Debt financing refers to the borrowing of funds from sources outside a business in order to raise money for capital or other business expenditures. This money can be borrowed from banks, private investors or even family. These lenders become creditors, with a promise that the debt, as well as interest, will be paid back in full. Debt financing can be a good option for many reasons.
Many fledgling companies do not have the capital to fund their start-up costs. As a startup business, it can also be difficult to secure a business loan without an established credit history. By borrowing capital from sources outside the company, a business gains the chance to create positive cash flow.
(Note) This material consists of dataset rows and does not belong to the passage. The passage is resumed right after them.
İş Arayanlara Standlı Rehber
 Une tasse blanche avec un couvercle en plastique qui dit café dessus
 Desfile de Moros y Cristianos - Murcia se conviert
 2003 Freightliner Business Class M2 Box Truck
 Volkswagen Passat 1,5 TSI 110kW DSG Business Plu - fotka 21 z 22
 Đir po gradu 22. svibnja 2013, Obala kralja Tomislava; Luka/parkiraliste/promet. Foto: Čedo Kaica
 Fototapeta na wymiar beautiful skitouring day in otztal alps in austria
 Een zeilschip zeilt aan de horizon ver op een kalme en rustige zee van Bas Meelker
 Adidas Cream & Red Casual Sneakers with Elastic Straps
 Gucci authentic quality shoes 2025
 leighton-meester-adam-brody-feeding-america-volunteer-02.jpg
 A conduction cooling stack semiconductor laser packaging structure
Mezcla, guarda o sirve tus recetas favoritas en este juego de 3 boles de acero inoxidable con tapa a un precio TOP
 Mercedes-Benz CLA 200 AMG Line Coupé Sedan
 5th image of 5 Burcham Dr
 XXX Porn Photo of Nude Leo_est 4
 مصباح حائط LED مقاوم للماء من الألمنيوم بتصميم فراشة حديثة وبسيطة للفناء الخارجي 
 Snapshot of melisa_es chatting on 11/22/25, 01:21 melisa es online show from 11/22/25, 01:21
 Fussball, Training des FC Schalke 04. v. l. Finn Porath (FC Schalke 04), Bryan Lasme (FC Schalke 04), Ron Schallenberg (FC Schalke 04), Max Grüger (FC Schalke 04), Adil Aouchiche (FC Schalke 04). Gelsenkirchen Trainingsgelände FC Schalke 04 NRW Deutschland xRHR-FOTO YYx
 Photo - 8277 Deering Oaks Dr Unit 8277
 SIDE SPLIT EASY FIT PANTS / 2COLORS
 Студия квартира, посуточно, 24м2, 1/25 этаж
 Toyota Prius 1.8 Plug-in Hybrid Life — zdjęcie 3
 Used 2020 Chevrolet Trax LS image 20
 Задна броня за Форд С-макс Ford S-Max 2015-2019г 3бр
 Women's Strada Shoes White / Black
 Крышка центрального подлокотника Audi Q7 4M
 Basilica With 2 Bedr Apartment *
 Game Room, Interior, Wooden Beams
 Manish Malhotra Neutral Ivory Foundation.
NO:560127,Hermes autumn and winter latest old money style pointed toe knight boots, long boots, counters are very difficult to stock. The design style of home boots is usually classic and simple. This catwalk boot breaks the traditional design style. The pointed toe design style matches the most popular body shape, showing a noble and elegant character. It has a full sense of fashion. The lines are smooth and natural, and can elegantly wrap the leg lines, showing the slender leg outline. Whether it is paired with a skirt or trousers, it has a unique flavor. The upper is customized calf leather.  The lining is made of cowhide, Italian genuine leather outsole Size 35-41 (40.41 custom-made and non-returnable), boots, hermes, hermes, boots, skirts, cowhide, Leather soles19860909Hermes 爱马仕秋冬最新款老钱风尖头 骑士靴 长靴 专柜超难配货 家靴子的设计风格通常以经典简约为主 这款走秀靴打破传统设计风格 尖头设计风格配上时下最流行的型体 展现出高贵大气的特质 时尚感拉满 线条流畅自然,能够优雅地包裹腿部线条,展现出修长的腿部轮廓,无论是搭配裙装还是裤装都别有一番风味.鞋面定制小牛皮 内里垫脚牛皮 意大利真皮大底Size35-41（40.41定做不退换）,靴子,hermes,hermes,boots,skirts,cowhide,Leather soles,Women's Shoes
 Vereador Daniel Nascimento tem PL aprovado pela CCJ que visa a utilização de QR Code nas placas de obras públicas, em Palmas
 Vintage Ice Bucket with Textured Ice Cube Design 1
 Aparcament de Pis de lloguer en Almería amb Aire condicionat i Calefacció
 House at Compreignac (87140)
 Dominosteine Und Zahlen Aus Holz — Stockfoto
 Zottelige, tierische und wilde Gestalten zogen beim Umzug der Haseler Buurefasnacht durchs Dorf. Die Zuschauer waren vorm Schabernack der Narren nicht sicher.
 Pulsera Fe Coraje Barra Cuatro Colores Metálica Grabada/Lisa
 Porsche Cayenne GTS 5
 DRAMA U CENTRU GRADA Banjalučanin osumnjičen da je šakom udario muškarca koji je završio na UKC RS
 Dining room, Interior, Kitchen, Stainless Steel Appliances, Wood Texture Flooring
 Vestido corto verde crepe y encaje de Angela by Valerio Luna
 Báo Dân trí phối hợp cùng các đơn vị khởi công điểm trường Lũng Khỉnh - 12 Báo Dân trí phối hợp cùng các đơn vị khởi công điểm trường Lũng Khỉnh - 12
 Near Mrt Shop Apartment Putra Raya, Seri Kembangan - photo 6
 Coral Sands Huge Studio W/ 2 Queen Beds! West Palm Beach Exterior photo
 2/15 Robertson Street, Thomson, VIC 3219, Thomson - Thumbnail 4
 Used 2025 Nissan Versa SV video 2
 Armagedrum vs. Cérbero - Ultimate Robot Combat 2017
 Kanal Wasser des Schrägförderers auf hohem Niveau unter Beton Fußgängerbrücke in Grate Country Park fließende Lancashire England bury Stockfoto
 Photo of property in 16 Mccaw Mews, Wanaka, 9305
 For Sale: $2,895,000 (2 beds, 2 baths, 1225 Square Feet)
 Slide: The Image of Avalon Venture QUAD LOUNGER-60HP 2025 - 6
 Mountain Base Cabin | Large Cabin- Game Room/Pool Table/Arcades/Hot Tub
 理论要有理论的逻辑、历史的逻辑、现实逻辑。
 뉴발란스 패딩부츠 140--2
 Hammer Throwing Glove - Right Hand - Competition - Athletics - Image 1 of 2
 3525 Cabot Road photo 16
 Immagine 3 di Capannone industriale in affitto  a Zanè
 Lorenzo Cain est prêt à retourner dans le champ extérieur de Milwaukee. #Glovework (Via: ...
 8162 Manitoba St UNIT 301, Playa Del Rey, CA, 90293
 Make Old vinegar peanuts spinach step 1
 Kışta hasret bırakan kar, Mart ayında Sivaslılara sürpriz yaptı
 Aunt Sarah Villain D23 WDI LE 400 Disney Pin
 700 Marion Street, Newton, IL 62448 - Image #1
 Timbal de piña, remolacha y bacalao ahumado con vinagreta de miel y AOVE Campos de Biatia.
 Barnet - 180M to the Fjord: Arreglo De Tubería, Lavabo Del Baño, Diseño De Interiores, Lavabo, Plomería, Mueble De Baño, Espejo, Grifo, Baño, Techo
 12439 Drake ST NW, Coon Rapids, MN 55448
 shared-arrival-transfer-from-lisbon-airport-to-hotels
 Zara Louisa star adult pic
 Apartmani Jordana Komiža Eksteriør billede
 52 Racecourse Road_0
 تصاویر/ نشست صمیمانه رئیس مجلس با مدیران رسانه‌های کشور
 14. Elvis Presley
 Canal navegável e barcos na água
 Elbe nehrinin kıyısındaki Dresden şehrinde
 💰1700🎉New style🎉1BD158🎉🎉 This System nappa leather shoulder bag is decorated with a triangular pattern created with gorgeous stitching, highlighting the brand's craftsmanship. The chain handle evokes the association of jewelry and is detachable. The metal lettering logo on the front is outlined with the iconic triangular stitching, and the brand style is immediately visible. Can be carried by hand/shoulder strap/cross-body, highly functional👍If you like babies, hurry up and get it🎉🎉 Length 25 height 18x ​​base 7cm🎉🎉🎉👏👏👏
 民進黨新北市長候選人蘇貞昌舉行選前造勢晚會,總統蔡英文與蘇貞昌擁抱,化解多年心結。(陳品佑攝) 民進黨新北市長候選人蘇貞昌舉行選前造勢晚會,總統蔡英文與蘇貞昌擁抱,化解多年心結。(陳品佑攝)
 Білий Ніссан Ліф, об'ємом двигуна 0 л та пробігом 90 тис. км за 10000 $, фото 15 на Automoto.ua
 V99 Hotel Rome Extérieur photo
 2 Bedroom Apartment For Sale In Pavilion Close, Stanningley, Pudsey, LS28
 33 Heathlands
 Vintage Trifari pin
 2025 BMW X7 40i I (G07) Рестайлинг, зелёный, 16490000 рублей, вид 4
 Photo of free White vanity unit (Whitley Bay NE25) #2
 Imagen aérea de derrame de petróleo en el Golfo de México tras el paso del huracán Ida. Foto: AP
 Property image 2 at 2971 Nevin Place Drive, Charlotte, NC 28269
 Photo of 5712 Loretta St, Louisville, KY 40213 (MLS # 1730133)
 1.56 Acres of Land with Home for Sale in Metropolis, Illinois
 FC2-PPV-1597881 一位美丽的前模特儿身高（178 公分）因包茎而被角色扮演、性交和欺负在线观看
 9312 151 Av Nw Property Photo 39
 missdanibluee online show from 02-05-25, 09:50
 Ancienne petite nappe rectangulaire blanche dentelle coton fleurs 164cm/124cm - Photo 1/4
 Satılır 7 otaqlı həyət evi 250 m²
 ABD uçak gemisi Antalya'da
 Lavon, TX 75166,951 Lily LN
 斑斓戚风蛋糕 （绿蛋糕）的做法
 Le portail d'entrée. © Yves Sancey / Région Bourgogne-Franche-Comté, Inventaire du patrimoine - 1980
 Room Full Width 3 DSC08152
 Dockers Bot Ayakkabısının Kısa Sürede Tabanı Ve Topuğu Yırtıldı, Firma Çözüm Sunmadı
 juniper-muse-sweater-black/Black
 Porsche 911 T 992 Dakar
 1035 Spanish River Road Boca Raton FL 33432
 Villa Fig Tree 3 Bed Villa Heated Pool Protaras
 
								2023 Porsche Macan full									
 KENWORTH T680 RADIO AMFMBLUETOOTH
The terms of the loan are agreed upon by the parties involved, and must be re-paid at the time specified.
Money borrowed through debt financing is considered a business expense and qualifies as a deduction for the business’ income taxes. In most cases, both the principal and interest of the loan can be used as a tax deduction. This is very attractive to the business borrowing the funds.
Lower Interest Rates
With debt financing using outside sources, it is easier to negotiate a lower interest rate. The interest rate can be whatever amount that is agreed upon by both the borrower and lender. A lower interest rate, coupled with a business tax write-off, means benefits that are hard to beat. The lender is happy as well, as they will most likely earn more interest through debt financing than from many other investments.
As you can see, debt financing can benefit a business in several ways. Whether one owns an established business and needs funds for unexpected expenditures or equipment, or is a startup company in need of a positive cash flow, debt financing can provide a workable solution.